L’ambizione di Gian Piero è palese fin dal suo insediamento sulla panchina giallorossa: «Ho scelto la Roma perché è una grande sfida, l’adrenalina di cui ho bisogno». E fa rima con convinzione, avvalorata dai risultati più che dai proclami: «Non ci danno credito, ma noi intanto cresciamo», afferma orgogliosamente dopo la vittoria a Firenze che regala alla squadra la prima sosta da capolista. Concetto ribadito pochi giorni fa, nel post-gara col Sassuolo. Espresso in forma differente ma con uguale sostanza anche in precedenza, a proposito di un possibile obiettivo quarto posto: «Nessuno parla più di Scudetto, solo di qualificazione in Champions perché porta tanti soldi. Ma i miei obiettivi sono tecnici, non finanziari». Musica per le orecchie dei romanisti. D’altra parte la fama di presunto antipatico Gasp se la scrolla fin dalle prime uscite. I tifosi apprezzano la sincerità, i giocatori pure. E sul caso Pellegrini, trascinato per tutta l’estate, alla vigilia dell’esordio in campionato il tecnico non le manda a dire: «La società non vuole prolungargli il contratto, ma lui ha bisogno di giocare». Lorenzo alla fine resta e viene rilanciato nel derby, in cui risponde alla grande risolvendolo ancora una volta. E oggi, pur depauperato della fascia assegnata con i criteri gasperiniani (sul braccio del giocatore con più presenze, nel caso specifico Cristante), il numero 7 è tornato a essere una risorsa importante. Incassando a più riprese gli attestati di stima dell’allenatore. Gian Piero dimostra ancora una volta di non avere preclusioni. Nei confronti di nessuno: dopo essere stato in lista di partenza per tutto il mercato, Hermoso parte titolare giocando anche bene. Celik sembra rinato. Baldanzi, a un passo dal Verona a fine sessione ed escluso dalla lista Uefa, trova i suoi spazi. Lo stesso Dovbyk, non esattamente il prototipo dell’attaccante desiderato, supera nelle gerarchie iniziali Ferguson.
Sono proprio i due centravanti le note dolenti di un avvio sopra le aspettative. Eppure Gasperini li pungola, li stimola, dosa bastone e carota con entrambi, pur di recuperarli alla causa. «Lavoro con tutti, ma davanti devo trovare soluzioni». Dopo una convincente preseason, l’irlandese resta ai margini. «Deve dare risposte sul campo - spiega l’allenatore prima della trasferta a Reggio Emilia - al momento stanno mancando in maniera evidente.
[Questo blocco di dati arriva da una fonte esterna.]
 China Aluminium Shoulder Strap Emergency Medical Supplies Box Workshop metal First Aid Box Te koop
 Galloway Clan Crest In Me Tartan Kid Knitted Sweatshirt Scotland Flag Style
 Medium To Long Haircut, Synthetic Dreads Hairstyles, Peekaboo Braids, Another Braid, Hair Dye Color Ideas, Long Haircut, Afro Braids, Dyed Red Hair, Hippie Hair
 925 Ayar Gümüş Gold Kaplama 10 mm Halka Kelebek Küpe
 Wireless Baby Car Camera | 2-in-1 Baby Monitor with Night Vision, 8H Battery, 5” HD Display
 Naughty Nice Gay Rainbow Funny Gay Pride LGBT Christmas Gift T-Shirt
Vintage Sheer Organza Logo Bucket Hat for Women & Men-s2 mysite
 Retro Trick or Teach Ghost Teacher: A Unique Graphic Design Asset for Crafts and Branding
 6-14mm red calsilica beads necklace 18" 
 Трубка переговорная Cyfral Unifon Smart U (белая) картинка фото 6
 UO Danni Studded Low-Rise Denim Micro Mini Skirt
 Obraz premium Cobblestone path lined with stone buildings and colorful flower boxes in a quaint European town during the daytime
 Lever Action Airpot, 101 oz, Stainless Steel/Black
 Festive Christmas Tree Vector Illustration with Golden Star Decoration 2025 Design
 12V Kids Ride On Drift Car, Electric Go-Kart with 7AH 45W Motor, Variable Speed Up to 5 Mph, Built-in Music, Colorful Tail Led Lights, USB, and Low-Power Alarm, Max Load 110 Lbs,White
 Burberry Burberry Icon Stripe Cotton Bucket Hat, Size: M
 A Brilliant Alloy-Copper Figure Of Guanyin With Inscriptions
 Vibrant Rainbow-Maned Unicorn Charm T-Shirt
In settimana l’ho visto fare il primo allenamento giusto, l’unica soluzione è il lavoro». In quest’ultima frase è condensata gran parte della dottrina gasperiniana, che non fa sconti a nessuno ma a nessuno chiude le porte in faccia. Nemmeno le stelle di prima grandezza sono esentate, com’è giusto che sia. Quando Dybala spiega il ko interno con il Viktoria Plzen con un sommesso «siamo entrati in campo mosci», Gasp tuona: «Non ne voglio nemmeno sentir parlare». Tre giorni dopo la Roma vince e convince contro il Sassuolo: la prestazione della Joya è sontuosa, coronata dal gol decisivo e vale la vetta. Le regole sono semplici ma ferree: si spinge forte in allenamento, gioca chi risponde meglio alle sollecitazioni tattiche e fisiche, esce chi è fuori forma. Senza sconti, ma sempre con la possibilità di rientrare. Anche perché Gian Piero è stuzzicato dalle sfide. Perfino da quelle che appaiono impossibili a un primo superficiale sguardo. Non a chi ha assestato l’Atalanta nel gotha del calcio. Ed è venuto a Roma per spiccare il volo.